>>>
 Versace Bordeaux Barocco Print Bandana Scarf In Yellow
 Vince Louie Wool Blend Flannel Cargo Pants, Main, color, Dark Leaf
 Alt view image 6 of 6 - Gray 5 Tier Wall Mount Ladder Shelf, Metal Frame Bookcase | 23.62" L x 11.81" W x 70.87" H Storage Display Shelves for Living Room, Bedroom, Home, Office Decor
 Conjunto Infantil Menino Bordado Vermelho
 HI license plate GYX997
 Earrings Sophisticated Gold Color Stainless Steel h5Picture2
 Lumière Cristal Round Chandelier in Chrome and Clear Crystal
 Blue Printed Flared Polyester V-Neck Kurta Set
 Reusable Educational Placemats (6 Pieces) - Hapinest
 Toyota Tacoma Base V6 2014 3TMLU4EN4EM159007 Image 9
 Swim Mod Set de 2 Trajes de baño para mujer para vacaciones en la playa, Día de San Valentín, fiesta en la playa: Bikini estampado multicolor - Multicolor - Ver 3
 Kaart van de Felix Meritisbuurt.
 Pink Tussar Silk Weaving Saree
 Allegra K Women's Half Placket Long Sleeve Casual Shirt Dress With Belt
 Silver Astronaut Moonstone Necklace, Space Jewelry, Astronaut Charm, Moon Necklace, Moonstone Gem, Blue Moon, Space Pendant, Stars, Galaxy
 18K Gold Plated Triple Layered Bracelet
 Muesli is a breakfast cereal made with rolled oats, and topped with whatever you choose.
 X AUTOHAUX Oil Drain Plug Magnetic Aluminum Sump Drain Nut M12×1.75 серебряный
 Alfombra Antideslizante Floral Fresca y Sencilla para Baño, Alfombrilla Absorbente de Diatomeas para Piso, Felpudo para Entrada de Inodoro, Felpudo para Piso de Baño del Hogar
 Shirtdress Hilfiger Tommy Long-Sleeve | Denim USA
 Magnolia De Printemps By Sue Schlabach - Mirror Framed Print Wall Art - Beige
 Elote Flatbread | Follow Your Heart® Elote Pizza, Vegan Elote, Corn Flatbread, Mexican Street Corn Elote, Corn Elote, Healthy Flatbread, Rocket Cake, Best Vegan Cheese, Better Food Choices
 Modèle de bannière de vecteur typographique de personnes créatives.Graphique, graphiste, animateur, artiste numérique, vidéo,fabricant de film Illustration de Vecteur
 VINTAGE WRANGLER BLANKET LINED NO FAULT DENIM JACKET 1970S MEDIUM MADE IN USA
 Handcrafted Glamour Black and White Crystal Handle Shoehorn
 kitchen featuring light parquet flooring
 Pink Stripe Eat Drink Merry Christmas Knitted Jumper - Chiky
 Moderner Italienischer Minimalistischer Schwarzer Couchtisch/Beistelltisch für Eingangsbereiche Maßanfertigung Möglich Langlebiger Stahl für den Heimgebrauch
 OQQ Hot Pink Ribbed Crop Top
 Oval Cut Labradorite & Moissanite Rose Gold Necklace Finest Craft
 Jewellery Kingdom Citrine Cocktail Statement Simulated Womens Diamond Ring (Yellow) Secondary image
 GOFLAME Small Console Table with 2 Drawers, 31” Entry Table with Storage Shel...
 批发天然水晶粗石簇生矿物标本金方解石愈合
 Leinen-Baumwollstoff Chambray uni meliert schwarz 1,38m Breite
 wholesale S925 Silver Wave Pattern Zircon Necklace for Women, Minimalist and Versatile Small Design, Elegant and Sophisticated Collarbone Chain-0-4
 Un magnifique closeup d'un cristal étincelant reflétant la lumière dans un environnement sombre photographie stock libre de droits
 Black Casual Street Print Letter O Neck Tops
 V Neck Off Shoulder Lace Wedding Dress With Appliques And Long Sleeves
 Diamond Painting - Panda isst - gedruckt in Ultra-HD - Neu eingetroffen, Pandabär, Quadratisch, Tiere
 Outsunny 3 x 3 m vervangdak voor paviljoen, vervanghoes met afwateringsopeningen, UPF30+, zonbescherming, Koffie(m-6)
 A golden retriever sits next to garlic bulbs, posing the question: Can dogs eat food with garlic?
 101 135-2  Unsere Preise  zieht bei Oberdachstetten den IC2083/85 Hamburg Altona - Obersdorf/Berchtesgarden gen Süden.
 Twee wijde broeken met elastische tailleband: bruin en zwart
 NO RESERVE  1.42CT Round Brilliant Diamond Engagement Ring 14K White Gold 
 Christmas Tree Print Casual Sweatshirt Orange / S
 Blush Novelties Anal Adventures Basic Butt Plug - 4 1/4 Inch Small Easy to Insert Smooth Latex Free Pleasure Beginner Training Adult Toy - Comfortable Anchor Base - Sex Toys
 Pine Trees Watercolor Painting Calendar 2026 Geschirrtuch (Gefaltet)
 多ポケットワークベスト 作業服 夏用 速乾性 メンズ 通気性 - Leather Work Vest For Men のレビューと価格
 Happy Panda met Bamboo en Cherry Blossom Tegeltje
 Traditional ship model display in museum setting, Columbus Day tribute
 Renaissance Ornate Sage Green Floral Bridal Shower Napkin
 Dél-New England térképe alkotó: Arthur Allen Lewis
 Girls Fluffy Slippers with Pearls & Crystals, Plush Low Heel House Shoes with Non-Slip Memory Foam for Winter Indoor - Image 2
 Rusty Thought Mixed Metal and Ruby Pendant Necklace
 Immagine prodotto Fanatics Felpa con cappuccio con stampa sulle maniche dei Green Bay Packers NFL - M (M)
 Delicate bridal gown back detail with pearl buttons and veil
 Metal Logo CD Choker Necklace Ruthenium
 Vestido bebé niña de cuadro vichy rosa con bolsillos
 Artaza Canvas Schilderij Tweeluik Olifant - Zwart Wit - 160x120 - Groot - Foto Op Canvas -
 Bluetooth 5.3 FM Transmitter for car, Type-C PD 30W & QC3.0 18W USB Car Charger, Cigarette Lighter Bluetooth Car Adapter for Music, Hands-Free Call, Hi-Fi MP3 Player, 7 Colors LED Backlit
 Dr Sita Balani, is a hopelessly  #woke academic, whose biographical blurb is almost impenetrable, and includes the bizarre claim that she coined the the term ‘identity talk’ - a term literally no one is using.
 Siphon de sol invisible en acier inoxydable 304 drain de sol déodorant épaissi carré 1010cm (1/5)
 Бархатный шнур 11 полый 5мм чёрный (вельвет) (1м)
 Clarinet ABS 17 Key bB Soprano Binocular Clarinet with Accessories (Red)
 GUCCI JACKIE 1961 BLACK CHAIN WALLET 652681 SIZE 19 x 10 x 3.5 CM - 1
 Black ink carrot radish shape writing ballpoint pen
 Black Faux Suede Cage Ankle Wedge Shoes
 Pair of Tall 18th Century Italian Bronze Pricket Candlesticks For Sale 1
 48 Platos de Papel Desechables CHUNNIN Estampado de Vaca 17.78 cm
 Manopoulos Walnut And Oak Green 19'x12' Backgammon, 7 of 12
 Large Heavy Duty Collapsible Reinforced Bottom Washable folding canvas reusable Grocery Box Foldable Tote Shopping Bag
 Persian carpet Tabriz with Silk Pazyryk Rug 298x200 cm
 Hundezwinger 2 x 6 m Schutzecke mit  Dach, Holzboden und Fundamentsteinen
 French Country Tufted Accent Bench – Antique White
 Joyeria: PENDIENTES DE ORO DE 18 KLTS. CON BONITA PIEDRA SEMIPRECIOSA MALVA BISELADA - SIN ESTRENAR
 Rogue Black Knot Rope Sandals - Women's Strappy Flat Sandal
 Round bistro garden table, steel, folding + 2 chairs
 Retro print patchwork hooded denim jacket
<<<
INSTRUCTIONS FOR THE TASK :: Repeat the data precisely, reproducing every entry.

ANSWER SPACE ::
 Versace Bordeaux Barocco Print Bandana Scarf In Yellow
 Vince Louie Wool Blend Flannel Cargo Pants, Main, color, Dark Leaf
 Alt view image 6 of 6 - Gray 5 Tier Wall Mount Ladder Shelf, Metal Frame Bookcase | 23.62" L x 11.81" W x 70.87" H Storage Display Shelves for Living Room, Bedroom, Home, Office Decor
 Conjunto Infantil Menino Bordado Vermelho
 HI license plate GYX997
 Earrings Sophisticated Gold Color Stainless Steel h5Picture2
 Lumière Cristal Round Chandelier in Chrome and Clear Crystal
 Blue Printed Flared Polyester V-Neck Kurta Set
 Reusable Educational Placemats (6 Pieces) - Hapinest
 Toyota Tacoma Base V6 2014 3TMLU4EN4EM159007 Image 9
 Swim Mod Set de 2 Trajes de baño para mujer para vacaciones en la playa, Día de San Valentín, fiesta en la playa: Bikini estampado multicolor - Multicolor - Ver 3
 Kaart van de Felix Meritisbuurt.
 Pink Tussar Silk Weaving Saree
 Allegra K Women's Half Placket Long Sleeve Casual Shirt Dress With Belt
 Silver Astronaut Moonstone Necklace, Space Jewelry, Astronaut Charm, Moon Necklace, Moonstone Gem, Blue Moon, Space Pendant, Stars, Galaxy
 18K Gold Plated Triple Layered Bracelet
 Muesli is a breakfast cereal made with rolled oats, and topped with whatever you choose.
 X AUTOHAUX Oil Drain Plug Magnetic Aluminum Sump Drain Nut M12×1.75 серебряный
 Alfombra Antideslizante Floral Fresca y Sencilla para Baño, Alfombrilla Absorbente de Diatomeas para Piso, Felpudo para Entrada de Inodoro, Felpudo para Piso de Baño del Hogar
 Shirtdress Hilfiger Tommy Long-Sleeve | Denim USA
 Magnolia De Printemps By Sue Schlabach - Mirror Framed Print Wall Art - Beige
 Elote Flatbread | Follow Your Heart® Elote Pizza, Vegan Elote, Corn Flatbread, Mexican Street Corn Elote, Corn Elote, Healthy Flatbread, Rocket Cake, Best Vegan Cheese, Better Food Choices
 Modèle de bannière de vecteur typographique de personnes créatives.Graphique, graphiste, animateur, artiste numérique, vidéo,fabricant de film Illustration de Vecteur
 VINTAGE WRANGLER BLANKET LINED NO FAULT DENIM JACKET 1970S MEDIUM MADE IN USA
 Handcrafted Glamour Black and White Crystal Handle Shoehorn
 kitchen featuring light parquet flooring
 Pink Stripe Eat Drink Merry Christmas Knitted Jumper - Chiky
 Moderner Italienischer Minimalistischer Schwarzer Couchtisch/Beistelltisch für Eingangsbereiche Maßanfertigung Möglich Langlebiger Stahl für den Heimgebrauch
 OQQ Hot Pink Ribbed Crop Top
 Oval Cut Labradorite & Moissanite Rose Gold Necklace Finest Craft
 Jewellery Kingdom Citrine Cocktail Statement Simulated Womens Diamond Ring (Yellow) Secondary image
 GOFLAME Small Console Table with 2 Drawers, 31” Entry Table with Storage Shel...
 批发天然水晶粗石簇生矿物标本金方解石愈合
 Leinen-Baumwollstoff Chambray uni meliert schwarz 1,38m Breite
 wholesale S925 Silver Wave Pattern Zircon Necklace for Women, Minimalist and Versatile Small Design, Elegant and Sophisticated Collarbone Chain-0-4
 Un magnifique closeup d'un cristal étincelant reflétant la lumière dans un environnement sombre photographie stock libre de droits
 Black Casual Street Print Letter O Neck Tops
 V Neck Off Shoulder Lace Wedding Dress With Appliques And Long Sleeves
 Diamond Painting - Panda isst - gedruckt in Ultra-HD - Neu eingetroffen, Pandabär, Quadratisch, Tiere
 Outsunny 3 x 3 m vervangdak voor paviljoen, vervanghoes met afwateringsopeningen, UPF30+, zonbescherming, Koffie(m-6)
 A golden retriever sits next to garlic bulbs, posing the question: Can dogs eat food with garlic?
 101 135-2  Unsere Preise  zieht bei Oberdachstetten den IC2083/85 Hamburg Altona - Obersdorf/Berchtesgarden gen Süden.
 Twee wijde broeken met elastische tailleband: bruin en zwart
 NO RESERVE  1.42CT Round Brilliant Diamond Engagement Ring 14K White Gold 
 Christmas Tree Print Casual Sweatshirt Orange / S
 Blush Novelties Anal Adventures Basic Butt Plug - 4 1/4 Inch Small Easy to Insert Smooth Latex Free Pleasure Beginner Training Adult Toy - Comfortable Anchor Base - Sex Toys
 Pine Trees Watercolor Painting Calendar 2026 Geschirrtuch (Gefaltet)
 多ポケットワークベスト 作業服 夏用 速乾性 メンズ 通気性 - Leather Work Vest For Men のレビューと価格
 Happy Panda met Bamboo en Cherry Blossom Tegeltje
 Traditional ship model display in museum setting, Columbus Day tribute
 Renaissance Ornate Sage Green Floral Bridal Shower Napkin
 Dél-New England térképe alkotó: Arthur Allen Lewis
 Girls Fluffy Slippers with Pearls & Crystals, Plush Low Heel House Shoes with Non-Slip Memory Foam for Winter Indoor - Image 2
 Rusty Thought Mixed Metal and Ruby Pendant Necklace
 Immagine prodotto Fanatics Felpa con cappuccio con stampa sulle maniche dei Green Bay Packers NFL - M (M)
 Delicate bridal gown back detail with pearl buttons and veil
 Metal Logo CD Choker Necklace Ruthenium
 Vestido bebé niña de cuadro vichy rosa con bolsillos
 Artaza Canvas Schilderij Tweeluik Olifant - Zwart Wit - 160x120 - Groot - Foto Op Canvas -
 Bluetooth 5.3 FM Transmitter for car, Type-C PD 30W & QC3.0 18W USB Car Charger, Cigarette Lighter Bluetooth Car Adapter for Music, Hands-Free Call, Hi-Fi MP3 Player, 7 Colors LED Backlit
 Dr Sita Balani, is a hopelessly  #woke academic, whose biographical blurb is almost impenetrable, and includes the bizarre claim that she coined the the term ‘identity talk’ - a term literally no one is using.
 Siphon de sol invisible en acier inoxydable 304 drain de sol déodorant épaissi carré 1010cm (1/5)
 Бархатный шнур 11 полый 5мм чёрный (вельвет) (1м)
 Clarinet ABS 17 Key bB Soprano Binocular Clarinet with Accessories (Red)
 GUCCI JACKIE 1961 BLACK CHAIN WALLET 652681 SIZE 19 x 10 x 3.5 CM - 1
 Black ink carrot radish shape writing ballpoint pen
 Black Faux Suede Cage Ankle Wedge Shoes
 Pair of Tall 18th Century Italian Bronze Pricket Candlesticks For Sale 1
 48 Platos de Papel Desechables CHUNNIN Estampado de Vaca 17.78 cm
 Manopoulos Walnut And Oak Green 19'x12' Backgammon, 7 of 12
 Large Heavy Duty Collapsible Reinforced Bottom Washable folding canvas reusable Grocery Box Foldable Tote Shopping Bag
 Persian carpet Tabriz with Silk Pazyryk Rug 298x200 cm
 Hundezwinger 2 x 6 m Schutzecke mit  Dach, Holzboden und Fundamentsteinen
 French Country Tufted Accent Bench – Antique White
 Joyeria: PENDIENTES DE ORO DE 18 KLTS. CON BONITA PIEDRA SEMIPRECIOSA MALVA BISELADA - SIN ESTRENAR
 Rogue Black Knot Rope Sandals - Women's Strappy Flat Sandal
 Round bistro garden table, steel, folding + 2 chairs
 Retro print patchwork hooded denim jacket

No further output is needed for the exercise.